Seven months ago today I started at Comcast. It's 11:37PM and I am on
the R5 passing Narbreth. Train is filled with chatty, giddy college
kids, more than a few intoxicated. I hope they get off soon at
Villanova. I guess I was that annoying 20 years ago when first
semester freshman year was a reckless abandon. This evening was
Comcast Interactive Media all hands at The Hub. My boss called out my
name while referring to overall improvements because I have been
looking through logs for errors. I am glad to have a shout-out and he
was a gentleman for making mention. Now if he had only said, "if we
fixed the errors Matt found it would increment the number on the
bottom line"...I may have had a couple of folks wanna meet me
afterwards. I am pretty sure most folks think I enjoy watching grass
grow. No booze was served. Here comes the Paoli stop...and my
Brazillian taxis driver who drives my RSX more than I do. Why she
thinks that shifting constantly is necessary to keep the engine
running ... 12:21AM I will have pretend it's still 9-11 and roll this
posting back a bit. It seems like years ago that started this new job.

Seven years ago I wouldn't have pictured myself working in a
skyscraper. I was working from home, living on West Coast hours on the
JATO engineering team. My sister woke me and had me turn on the TV.
What a terrible day. It seems like it was yesterday.

Thursday, September 04, 2008

Evito Signum Ter

I didn't initially realize why I found work so tedious today. Then Gmail provided this moment of clarity. I am just bored out of my freakin skull because the novelty wore off 10 years ago to the day. I had not totally forgot that I had been consulting at IBM Interactive Media in the Fall of 1998. Same brittle Java application server issues...different "Interactive Media". If I disposition another fubar Java application server and have to spend more than a minute teaching people how uncomplicated it is . . . I will . . . I W I L L

. . . I will go into work tomorrow and explain it for the 1000th time. I just can't help myself. Java developers are not blissfully ignorant but rather innocently unburdened with what I know could have been.

From NetDynamics

Wednesday, September 03, 2008

Missing Vertical Swath on Comcast HD Channels

Starting about a month ago, all HD channels including HD VOD display a green sidebar on the right.
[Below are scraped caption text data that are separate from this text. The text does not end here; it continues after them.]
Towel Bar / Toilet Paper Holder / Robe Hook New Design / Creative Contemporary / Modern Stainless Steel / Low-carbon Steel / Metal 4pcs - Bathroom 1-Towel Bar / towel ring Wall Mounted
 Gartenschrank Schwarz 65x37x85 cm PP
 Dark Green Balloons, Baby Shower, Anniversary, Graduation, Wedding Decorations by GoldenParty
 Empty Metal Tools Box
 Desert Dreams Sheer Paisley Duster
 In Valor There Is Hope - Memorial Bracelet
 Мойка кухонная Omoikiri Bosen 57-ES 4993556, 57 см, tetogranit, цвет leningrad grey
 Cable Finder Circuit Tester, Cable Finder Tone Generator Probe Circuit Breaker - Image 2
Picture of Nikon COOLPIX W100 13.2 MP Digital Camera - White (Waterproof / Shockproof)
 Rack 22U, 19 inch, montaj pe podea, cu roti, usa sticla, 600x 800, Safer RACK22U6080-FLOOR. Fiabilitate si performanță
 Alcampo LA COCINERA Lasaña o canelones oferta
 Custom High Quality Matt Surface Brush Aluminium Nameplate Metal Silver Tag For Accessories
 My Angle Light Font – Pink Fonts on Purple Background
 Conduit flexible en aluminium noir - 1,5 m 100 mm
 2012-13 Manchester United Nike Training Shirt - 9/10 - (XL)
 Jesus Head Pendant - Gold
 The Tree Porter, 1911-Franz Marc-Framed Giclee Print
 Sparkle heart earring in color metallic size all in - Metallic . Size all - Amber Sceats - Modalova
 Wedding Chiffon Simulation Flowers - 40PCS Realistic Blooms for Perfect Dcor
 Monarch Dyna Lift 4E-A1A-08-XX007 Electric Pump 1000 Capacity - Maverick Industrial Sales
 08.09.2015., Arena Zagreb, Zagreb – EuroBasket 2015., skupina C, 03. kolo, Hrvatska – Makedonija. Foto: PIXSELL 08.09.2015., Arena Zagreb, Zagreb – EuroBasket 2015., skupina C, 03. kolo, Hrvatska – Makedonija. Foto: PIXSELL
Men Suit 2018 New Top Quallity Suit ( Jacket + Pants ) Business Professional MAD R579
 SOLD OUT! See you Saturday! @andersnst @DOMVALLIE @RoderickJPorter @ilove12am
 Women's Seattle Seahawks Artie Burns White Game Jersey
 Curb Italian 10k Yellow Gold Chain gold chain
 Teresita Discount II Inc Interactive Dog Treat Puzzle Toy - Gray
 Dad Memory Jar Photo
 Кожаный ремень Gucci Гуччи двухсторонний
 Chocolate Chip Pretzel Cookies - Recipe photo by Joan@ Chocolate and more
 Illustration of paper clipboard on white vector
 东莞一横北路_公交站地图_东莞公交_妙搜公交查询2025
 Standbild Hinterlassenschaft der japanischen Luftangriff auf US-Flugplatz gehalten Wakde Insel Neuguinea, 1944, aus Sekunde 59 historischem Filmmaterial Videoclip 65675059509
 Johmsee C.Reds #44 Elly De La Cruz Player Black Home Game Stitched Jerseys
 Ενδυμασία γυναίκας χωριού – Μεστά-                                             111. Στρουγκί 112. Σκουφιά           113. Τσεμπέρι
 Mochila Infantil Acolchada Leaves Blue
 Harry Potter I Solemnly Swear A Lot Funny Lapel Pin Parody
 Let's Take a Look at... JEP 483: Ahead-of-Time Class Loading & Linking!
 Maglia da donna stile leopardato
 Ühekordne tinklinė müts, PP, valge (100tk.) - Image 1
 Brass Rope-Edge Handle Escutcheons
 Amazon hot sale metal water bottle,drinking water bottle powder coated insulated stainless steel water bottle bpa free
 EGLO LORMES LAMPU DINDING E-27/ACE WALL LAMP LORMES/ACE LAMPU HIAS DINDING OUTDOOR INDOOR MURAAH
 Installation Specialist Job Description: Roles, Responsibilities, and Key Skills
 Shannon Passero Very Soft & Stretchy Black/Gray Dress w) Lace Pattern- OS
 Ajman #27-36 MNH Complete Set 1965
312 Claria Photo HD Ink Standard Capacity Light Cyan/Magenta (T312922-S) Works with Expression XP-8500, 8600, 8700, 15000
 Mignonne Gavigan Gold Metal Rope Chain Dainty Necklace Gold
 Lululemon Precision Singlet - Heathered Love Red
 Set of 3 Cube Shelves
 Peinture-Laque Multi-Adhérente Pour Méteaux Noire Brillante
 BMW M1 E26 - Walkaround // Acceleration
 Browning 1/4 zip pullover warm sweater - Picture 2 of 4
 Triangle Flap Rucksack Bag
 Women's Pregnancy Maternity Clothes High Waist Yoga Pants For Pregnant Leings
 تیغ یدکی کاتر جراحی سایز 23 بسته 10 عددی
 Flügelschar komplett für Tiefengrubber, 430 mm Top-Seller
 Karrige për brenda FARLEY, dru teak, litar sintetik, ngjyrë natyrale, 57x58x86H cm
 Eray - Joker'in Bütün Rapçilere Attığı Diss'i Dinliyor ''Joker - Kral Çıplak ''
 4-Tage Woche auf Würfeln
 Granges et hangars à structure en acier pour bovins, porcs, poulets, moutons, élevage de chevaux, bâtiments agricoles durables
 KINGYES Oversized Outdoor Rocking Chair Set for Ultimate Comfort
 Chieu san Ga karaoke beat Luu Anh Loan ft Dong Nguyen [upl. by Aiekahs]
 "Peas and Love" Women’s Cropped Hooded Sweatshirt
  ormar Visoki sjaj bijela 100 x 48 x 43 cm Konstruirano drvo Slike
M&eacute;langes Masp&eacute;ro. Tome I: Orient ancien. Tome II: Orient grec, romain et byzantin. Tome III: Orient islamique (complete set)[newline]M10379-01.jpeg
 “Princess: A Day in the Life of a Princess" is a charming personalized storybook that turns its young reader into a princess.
Below is an picture taken with iPhone of the right side of Sunrise Earth this morning. I estimate this to be just over 1cm wide on my 52" Sharp AQUOS. There is another issue too

From 2008 Finding Momentum


On the left side of the HD picture there is a 3cm wide sidebar of pixelization which makes it look like a strip of clear packing tape is up and down the whole side of the screen. Seriously, I suspect that anyone with plasma screens would get burn in from this - certainly the green sidebar.

From 2008 Finding Momentum


When I look at it more closely it appears that its not pixelization but a missing vertical swatch of the image...about 1cm long. Perhaps what is happening is that this swatch is clipped and the whole images slides over the left causing this hairline alias 3cm in from the left and green filling in the gap on the right.